In the morning in D.C.,
When I read a great metropolitan newspaper,
Over fresh coffee, two sugars, no cream,
it all seems so clear;
What is right
and what is wrong with the world
Is all laid out in tidy little type
Neatly divided into even lines
With nothing in between them,
Cleanly columnated to fit
Between previously prescribed margins,
With no awkward gaps,
Intriguing lacunae,
Or blanks to fill in,
And my need for order and simplicity.
Is satisfied.
But by day’s end,
When, over some slow and subtle vintage,
I ponder this week’s comics,
Its brighly garbed denizens struggle
With one another
With themselves
With the truths that lie between them,
In their four-color world
Of anger, grief, terror, and joy,
In an all-caps context
Pointed with exclamations,
Sixty plus years
Seems scant time indeed
To even begin to fathom
The Joker’s latest schemes
Let alone
What it all might mean,
And the motives of those who wish to rule the world
Or those who wish to stop them.
3 comments:
I'm guessing the lack of comments has something to do with people being intimidated by a) poetry that doesn't rhyme and/or b) is obviously sincere.
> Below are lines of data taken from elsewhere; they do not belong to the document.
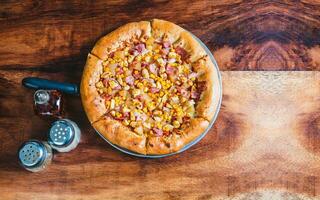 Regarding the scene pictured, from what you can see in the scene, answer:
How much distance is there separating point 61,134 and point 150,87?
0.64 meters

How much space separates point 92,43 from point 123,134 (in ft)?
2.45

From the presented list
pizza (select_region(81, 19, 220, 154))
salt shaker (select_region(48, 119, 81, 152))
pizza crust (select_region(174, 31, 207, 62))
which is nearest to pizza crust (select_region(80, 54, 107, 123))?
pizza (select_region(81, 19, 220, 154))

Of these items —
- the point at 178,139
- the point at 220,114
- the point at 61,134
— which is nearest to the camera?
the point at 178,139

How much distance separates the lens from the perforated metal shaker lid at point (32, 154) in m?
3.09

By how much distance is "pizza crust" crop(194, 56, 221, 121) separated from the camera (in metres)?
3.01

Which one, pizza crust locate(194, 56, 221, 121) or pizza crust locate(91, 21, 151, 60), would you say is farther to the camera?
pizza crust locate(91, 21, 151, 60)

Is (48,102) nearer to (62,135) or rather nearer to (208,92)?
(62,135)

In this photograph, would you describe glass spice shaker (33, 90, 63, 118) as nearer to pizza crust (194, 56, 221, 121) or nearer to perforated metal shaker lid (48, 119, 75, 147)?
perforated metal shaker lid (48, 119, 75, 147)

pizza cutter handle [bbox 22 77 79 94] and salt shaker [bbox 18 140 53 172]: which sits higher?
pizza cutter handle [bbox 22 77 79 94]

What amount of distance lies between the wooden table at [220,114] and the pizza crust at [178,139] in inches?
8.2

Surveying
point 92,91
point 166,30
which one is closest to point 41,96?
point 92,91

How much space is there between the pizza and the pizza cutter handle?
0.11 m

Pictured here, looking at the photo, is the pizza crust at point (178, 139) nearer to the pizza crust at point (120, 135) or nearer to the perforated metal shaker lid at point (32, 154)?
the pizza crust at point (120, 135)

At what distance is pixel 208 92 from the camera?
119 inches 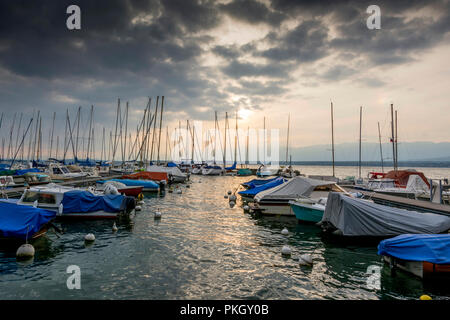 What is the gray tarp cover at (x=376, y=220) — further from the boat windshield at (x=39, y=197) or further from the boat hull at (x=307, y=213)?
the boat windshield at (x=39, y=197)

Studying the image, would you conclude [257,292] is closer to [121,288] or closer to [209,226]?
[121,288]

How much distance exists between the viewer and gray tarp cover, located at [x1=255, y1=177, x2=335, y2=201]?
20797 mm

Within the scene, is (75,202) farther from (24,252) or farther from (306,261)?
(306,261)

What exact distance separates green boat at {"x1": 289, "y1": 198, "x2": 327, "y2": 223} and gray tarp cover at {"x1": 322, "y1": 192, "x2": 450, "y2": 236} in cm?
364

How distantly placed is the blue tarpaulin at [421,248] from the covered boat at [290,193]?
10379 mm

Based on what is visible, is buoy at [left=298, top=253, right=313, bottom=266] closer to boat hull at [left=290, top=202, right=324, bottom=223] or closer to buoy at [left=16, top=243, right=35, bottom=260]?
boat hull at [left=290, top=202, right=324, bottom=223]

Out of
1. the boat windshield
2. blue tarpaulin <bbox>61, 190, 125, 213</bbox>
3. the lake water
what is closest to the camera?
the lake water

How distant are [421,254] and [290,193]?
12.0 meters

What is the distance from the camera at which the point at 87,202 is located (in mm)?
19531

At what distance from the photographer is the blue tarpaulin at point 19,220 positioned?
12.7m

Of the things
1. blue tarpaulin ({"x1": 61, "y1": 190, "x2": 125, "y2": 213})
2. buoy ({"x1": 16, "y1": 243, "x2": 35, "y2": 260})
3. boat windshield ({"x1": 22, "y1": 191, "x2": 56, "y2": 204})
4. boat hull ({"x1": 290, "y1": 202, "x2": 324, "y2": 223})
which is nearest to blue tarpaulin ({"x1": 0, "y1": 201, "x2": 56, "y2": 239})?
buoy ({"x1": 16, "y1": 243, "x2": 35, "y2": 260})

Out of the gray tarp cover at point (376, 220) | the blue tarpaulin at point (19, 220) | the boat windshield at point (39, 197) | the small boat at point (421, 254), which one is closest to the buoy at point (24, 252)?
the blue tarpaulin at point (19, 220) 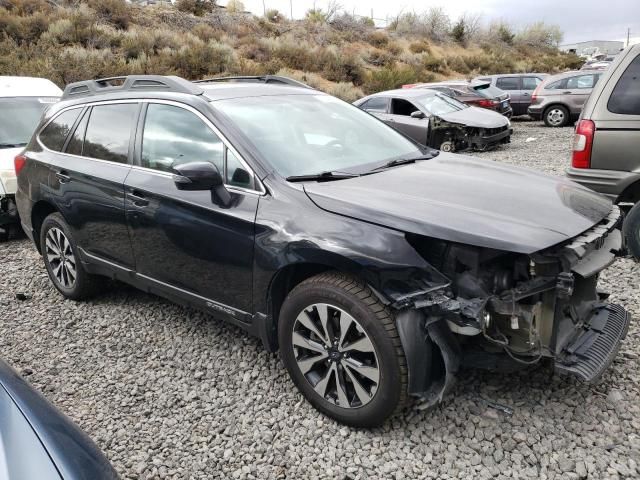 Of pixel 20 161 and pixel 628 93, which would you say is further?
pixel 20 161

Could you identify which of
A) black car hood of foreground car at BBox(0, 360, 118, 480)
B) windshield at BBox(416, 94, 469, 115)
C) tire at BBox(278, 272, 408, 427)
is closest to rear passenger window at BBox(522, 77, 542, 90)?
windshield at BBox(416, 94, 469, 115)

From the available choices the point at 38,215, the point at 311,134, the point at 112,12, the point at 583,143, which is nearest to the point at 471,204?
the point at 311,134

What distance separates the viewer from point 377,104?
1192cm

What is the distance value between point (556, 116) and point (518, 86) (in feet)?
9.82

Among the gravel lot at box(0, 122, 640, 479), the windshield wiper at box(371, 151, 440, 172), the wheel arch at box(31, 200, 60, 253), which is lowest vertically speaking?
the gravel lot at box(0, 122, 640, 479)

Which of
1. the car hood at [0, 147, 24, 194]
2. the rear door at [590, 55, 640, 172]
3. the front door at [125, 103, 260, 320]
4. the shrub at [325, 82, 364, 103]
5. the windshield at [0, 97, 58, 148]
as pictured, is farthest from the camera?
the shrub at [325, 82, 364, 103]

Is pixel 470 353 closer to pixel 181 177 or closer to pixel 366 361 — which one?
pixel 366 361

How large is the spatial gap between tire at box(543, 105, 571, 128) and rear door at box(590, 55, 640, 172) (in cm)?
1193

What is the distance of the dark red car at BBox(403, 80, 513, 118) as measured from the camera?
14531 millimetres

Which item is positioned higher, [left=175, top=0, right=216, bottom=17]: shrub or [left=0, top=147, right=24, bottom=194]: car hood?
[left=175, top=0, right=216, bottom=17]: shrub

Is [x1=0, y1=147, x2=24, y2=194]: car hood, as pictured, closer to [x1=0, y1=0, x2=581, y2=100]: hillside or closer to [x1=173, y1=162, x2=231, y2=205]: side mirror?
[x1=173, y1=162, x2=231, y2=205]: side mirror

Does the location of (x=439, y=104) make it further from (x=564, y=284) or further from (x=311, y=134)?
(x=564, y=284)

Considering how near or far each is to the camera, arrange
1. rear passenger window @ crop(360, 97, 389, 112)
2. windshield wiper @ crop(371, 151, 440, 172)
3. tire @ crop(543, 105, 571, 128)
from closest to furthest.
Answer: windshield wiper @ crop(371, 151, 440, 172)
rear passenger window @ crop(360, 97, 389, 112)
tire @ crop(543, 105, 571, 128)

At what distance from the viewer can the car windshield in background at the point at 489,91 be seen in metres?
15.2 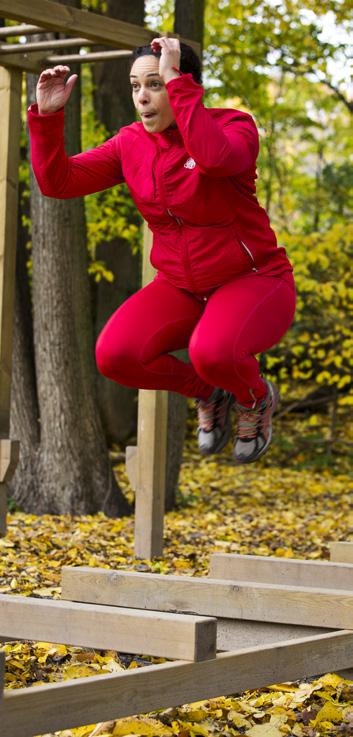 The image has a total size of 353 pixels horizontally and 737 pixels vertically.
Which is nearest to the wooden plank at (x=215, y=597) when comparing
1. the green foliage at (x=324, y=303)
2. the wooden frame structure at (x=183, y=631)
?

Nice job, Mr. Garling. I especially love "In an all-caps context".
LOL, Sunday posts seldom get many comments, Allan.
Thanks, though; found it buried deep in my old files, forgotten I'd written it, thought I might as well post it.
It's not the lack of rhyming keeping away the comments... I think it's the lack of pictures. I like pictures. Pictures with lots of colors.